Only one stretch of the records below is wanted: the lines from the one holding "Fujifilm FinePix S5800 - minimalne zmiany" through the one holding "Ellensdale Cottage -Margaret". Return it exactly, both ends included.

☆ ☆ ☆ ☆ ☆ ☆ ☆

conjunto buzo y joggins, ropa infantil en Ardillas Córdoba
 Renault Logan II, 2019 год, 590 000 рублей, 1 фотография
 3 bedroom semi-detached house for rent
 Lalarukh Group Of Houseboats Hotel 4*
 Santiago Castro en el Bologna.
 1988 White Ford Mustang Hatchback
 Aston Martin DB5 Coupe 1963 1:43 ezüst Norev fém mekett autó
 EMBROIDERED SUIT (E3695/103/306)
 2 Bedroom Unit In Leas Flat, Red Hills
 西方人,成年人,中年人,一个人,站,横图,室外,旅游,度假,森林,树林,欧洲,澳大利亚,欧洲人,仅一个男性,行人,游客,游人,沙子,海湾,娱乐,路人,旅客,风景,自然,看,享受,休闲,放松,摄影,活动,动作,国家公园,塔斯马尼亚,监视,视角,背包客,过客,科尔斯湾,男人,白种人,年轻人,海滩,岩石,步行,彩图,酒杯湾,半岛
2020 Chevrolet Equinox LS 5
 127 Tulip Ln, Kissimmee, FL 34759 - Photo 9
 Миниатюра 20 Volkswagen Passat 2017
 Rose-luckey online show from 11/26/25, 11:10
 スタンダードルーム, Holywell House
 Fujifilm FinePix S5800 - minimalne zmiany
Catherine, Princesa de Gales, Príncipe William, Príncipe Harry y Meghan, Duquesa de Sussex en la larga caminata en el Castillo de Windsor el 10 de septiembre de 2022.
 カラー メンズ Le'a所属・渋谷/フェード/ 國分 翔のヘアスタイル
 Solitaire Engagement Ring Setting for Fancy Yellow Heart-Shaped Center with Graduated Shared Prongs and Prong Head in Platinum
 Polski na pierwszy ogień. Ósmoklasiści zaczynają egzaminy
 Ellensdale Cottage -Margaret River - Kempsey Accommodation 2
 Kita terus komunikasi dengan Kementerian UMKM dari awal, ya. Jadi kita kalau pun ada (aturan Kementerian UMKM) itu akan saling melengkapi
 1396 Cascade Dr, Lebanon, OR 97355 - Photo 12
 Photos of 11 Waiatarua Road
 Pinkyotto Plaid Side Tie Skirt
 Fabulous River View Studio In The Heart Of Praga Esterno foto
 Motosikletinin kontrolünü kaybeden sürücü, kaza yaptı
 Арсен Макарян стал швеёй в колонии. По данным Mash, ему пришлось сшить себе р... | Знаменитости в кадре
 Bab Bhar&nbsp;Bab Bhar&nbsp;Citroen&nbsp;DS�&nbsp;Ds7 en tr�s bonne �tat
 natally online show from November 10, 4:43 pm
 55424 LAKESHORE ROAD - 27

☆ ☆ ☆ ☆ ☆ ☆ ☆

> [Answer to this exercise]:
 Fujifilm FinePix S5800 - minimalne zmiany
Catherine, Princesa de Gales, Príncipe William, Príncipe Harry y Meghan, Duquesa de Sussex en la larga caminata en el Castillo de Windsor el 10 de septiembre de 2022.
 カラー メンズ Le'a所属・渋谷/フェード/ 國分 翔のヘアスタイル
 Solitaire Engagement Ring Setting for Fancy Yellow Heart-Shaped Center with Graduated Shared Prongs and Prong Head in Platinum
 Polski na pierwszy ogień. Ósmoklasiści zaczynają egzaminy
 Ellensdale Cottage -Margaret River - Kempsey Accommodation 2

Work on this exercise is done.